**DATA FOR THIS TASK:**
*** Block opens ***

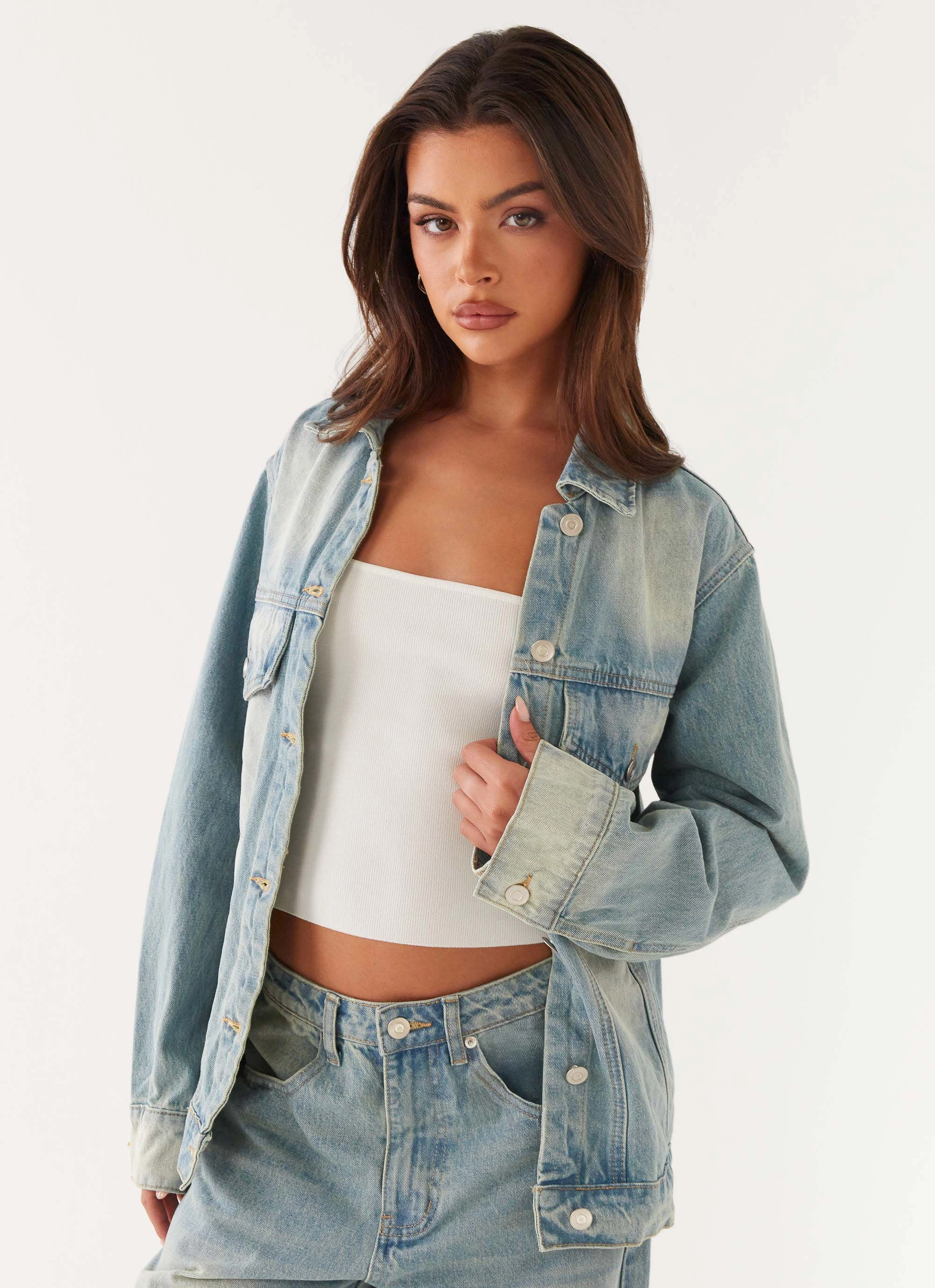 waiters Maxwell Denim Jacket - Washed Blue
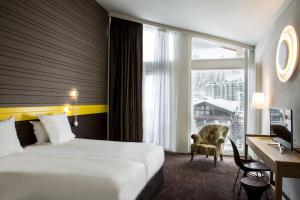 Cama o camas de una habitación en Hotel Ormelune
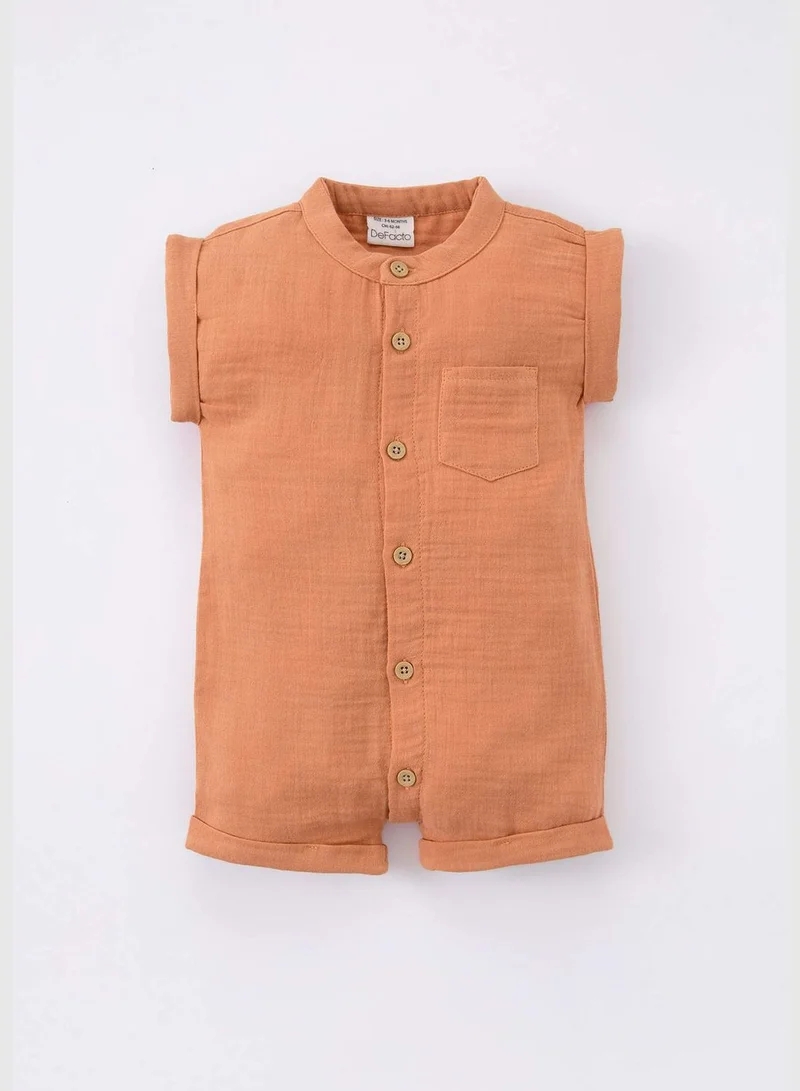 DeFacto BabyBoy Bike Neck Short Sleeve Knitted Overalls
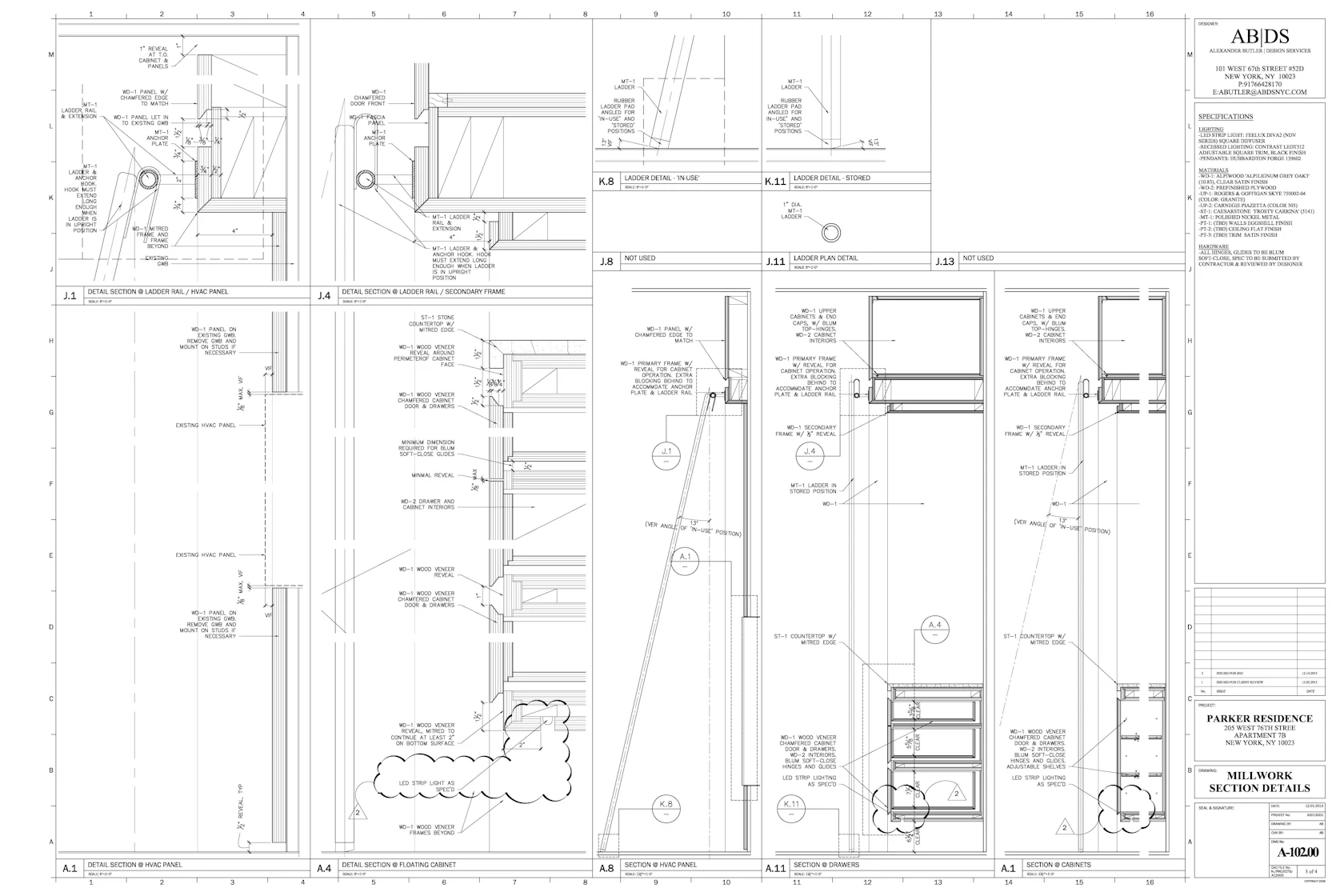 West 76th Street Residence by Alexander Butler | Design Services, LLC ...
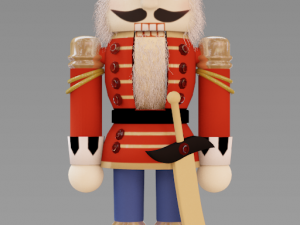 nutcracker doll Modèle 3D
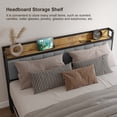 thumbnail image 6 of Lofka Bed Frame with Upholstered Storage Headboard, Metal King Bed Frame, Light Gray, 6 of 8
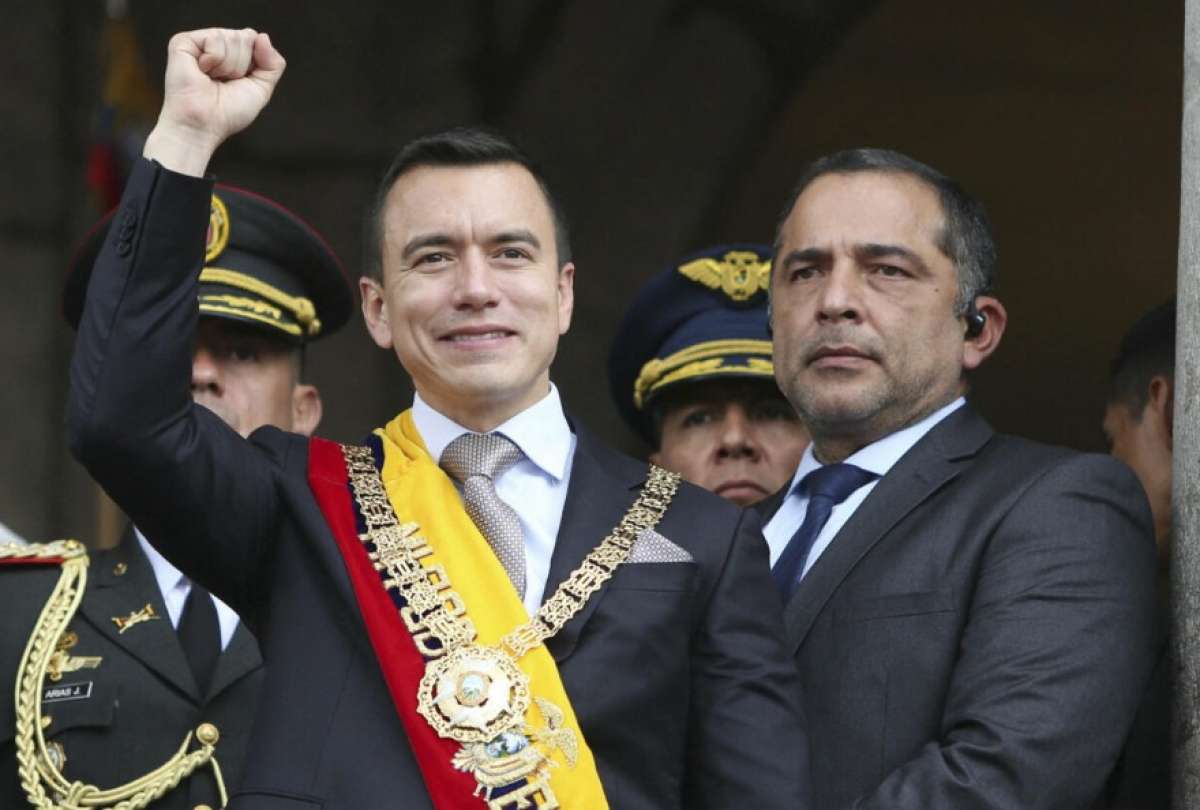 El presidente, Daniel Noboa hizo el anuncio. 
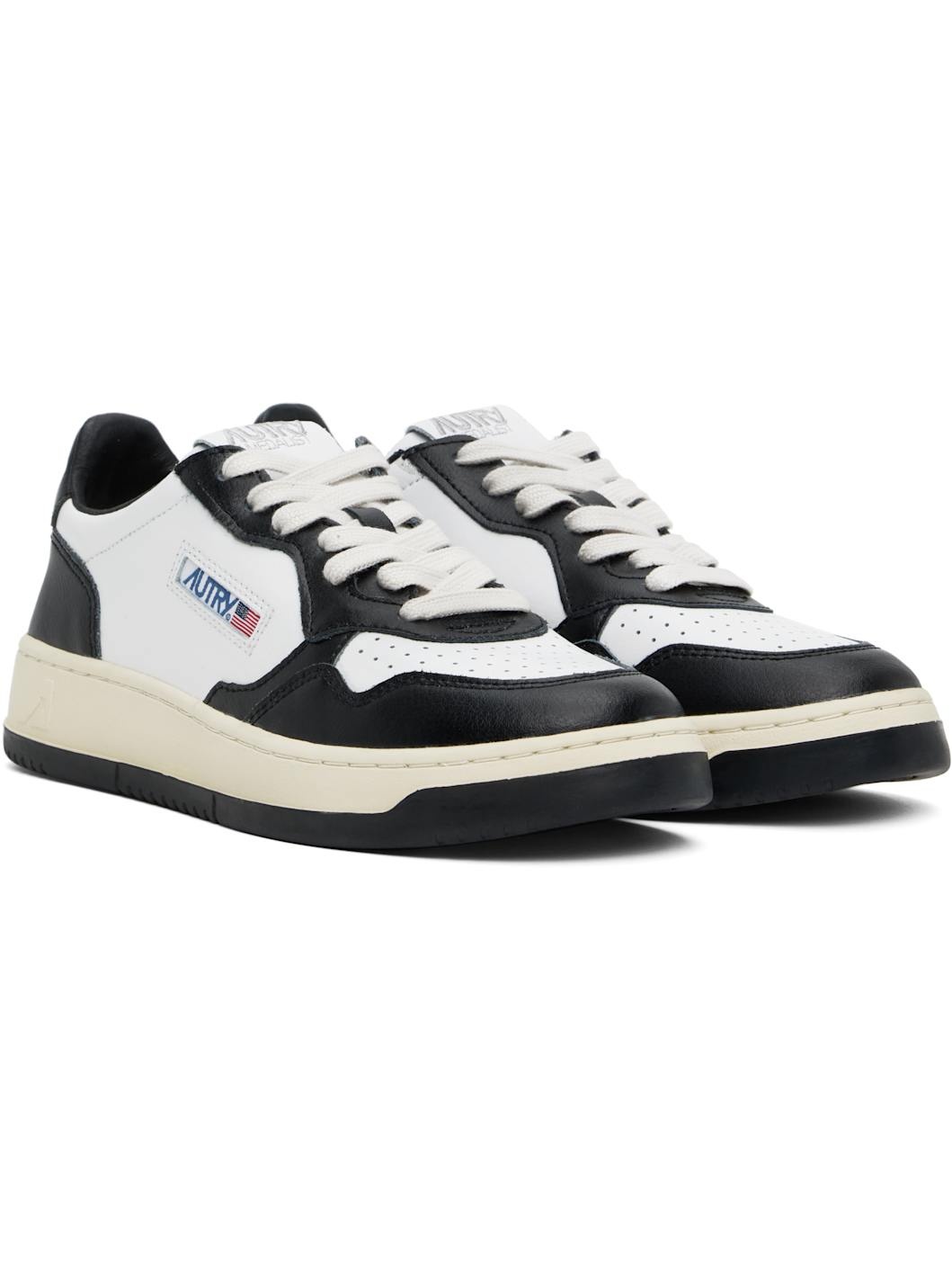 Black & White Medalist Low Sneakers - 4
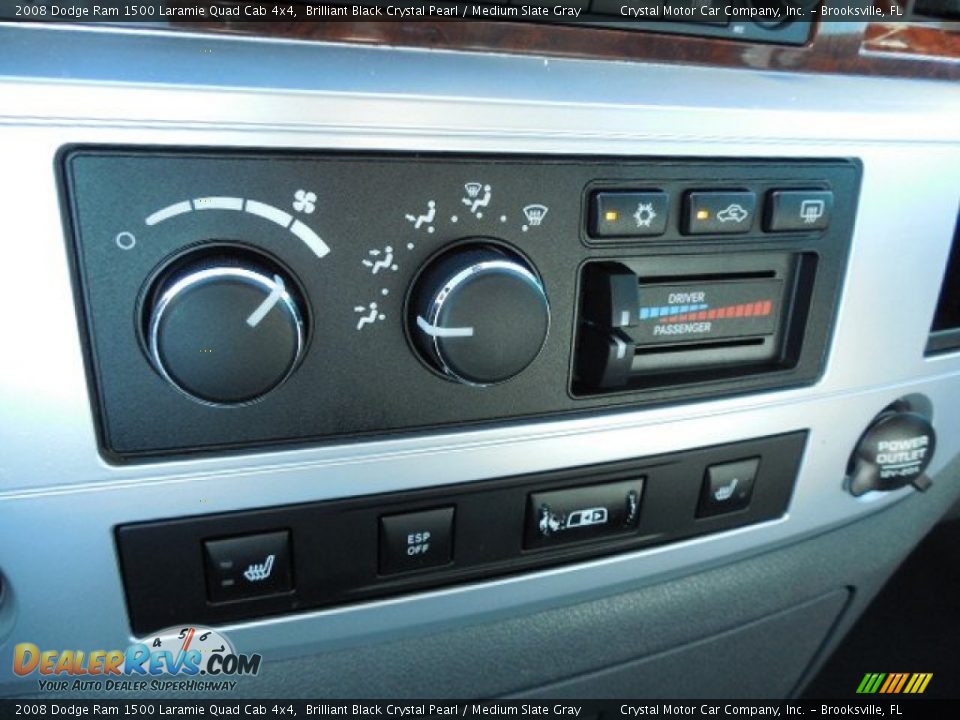 2008 Dodge Ram 1500 Laramie Quad Cab 4x4 Brilliant Black Crystal Pearl / Medium Slate Gray Photo #20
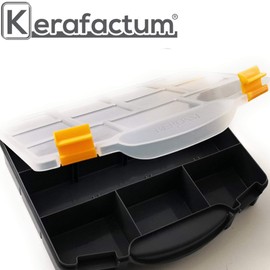 Kerafactum Screws Sorting Box Screw Box for System Storage Box for Small Parts with Lid and Compartments Sorting Box Empty Screw Storage Box Small Organiser 1 Black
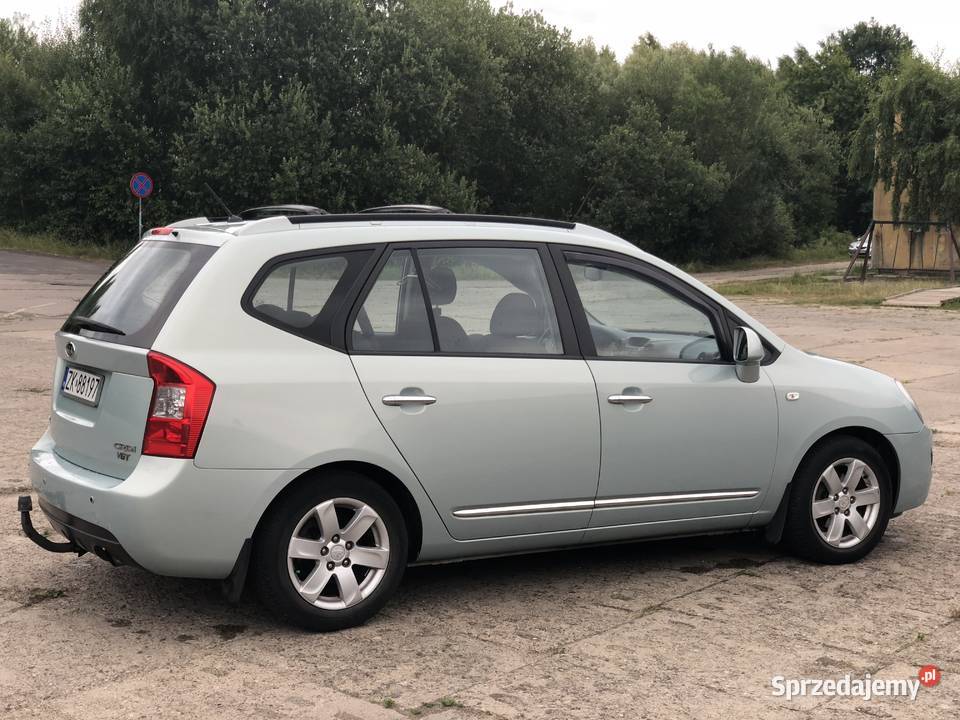 Kia Carens III rejestracja 2008 Clarion ASO Carens Koszalin sprzedam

*** Block closes ***

**TASK STATEMENT:** With the pictures omitted, copy exactly the lines of the listing above starting at the line containing "nutcracker doll Modèle 3D" and ending at the line containing "Black & White Medalist Low Sneakers - 4", both included.

**WRITTEN ANSWER:**
 nutcracker doll Modèle 3D
 thumbnail image 6 of Lofka Bed Frame with Upholstered Storage Headboard, Metal King Bed Frame, Light Gray, 6 of 8
 El presidente, Daniel Noboa hizo el anuncio. 
 Black & White Medalist Low Sneakers - 4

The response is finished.